A proposito di libri, non c'azzecca nemmeno il Roberto D'Agostino dello “stradagospiato" Cafonal.
Portano i calzoni in punta di chiappe, i neo cafoni. A vita bassa, insomma; a mostrare non di rado un ombelico sepolto tra rotoli di ciccia e non del Mar Morto. Sempre, comunque, a simboleggiare che la quota massima raggiungibile dal loro volo è quella radente.
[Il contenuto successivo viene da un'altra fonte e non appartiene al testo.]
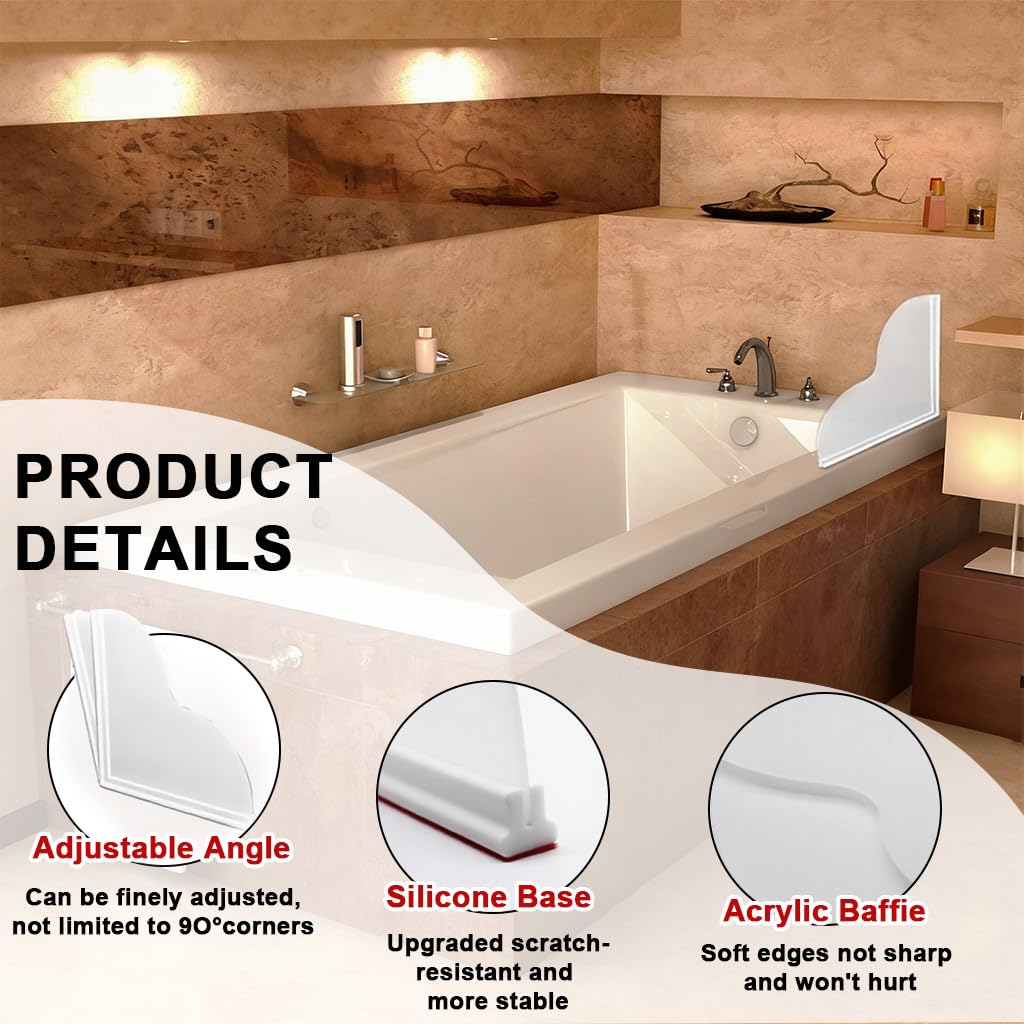 HASTHIP Shower Splash Guard Kit for Bathtub Corners with Self Adhesive Design 9.1×7.1 in White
Ed è curioso come il loro presente si esprima con verbi al passato, quali i participi "leopardato" e "mansardato". In ossequio al principio di conservazione della massa del genio della chimica Lavoisier, vivono in un mondo dove nulla si crea e tutto si trasforma: chiese che sembrano navi, ma quella di Novilara stavolta non c'entra; negozi che paiono ambulatori, e scuole che somigliano a sotterranei di grattacieli. Diceva con la sua lungimirante ed affilata ironia Leo Longanesi: "Una società, la nostra, in cui ogni cosa assomiglia a un'altra diversa". E lo diceva negli anni '50. Quando il pulcino Calimero rompeva il guscio e a leggere le notizie del telegiornale era un uomo dalla voce bellissima e dalle orecchie grandissime. Era una televisione di frontiera, d’accordo, senza colore, ma non incolore. Bisognevole di tutto perché per niente fornita delle attuali innovazioni tecnologiche. Ma anche una televisione che alle Simone Ventura e alle Marie De Filippi non avrebbe neanche fatto reggere il cavo d’una telecamera spenta. E' in spregio (o sfregio, fate voi) a Lavoisier che tutto invece si distrugge. Prescindendo dalla plastica ed a cominciare dalla lingua italiana. Non han bisogno di gommoni e né della biforcuta complicità di Gheddafi le parole di matrice anglosassone per invaderci: dalle brevi "red", "web", "loft", "cool" e "bruch", a "welfare", "privacy", fino a "fitness", "sneakers", "competition", "governance" ed "enforcement". Per non parlare poi di quelle afferenti cibi esotici, quali sushi, sashimi, couscous, paella e falafel. E non è che uno sparuto campionario.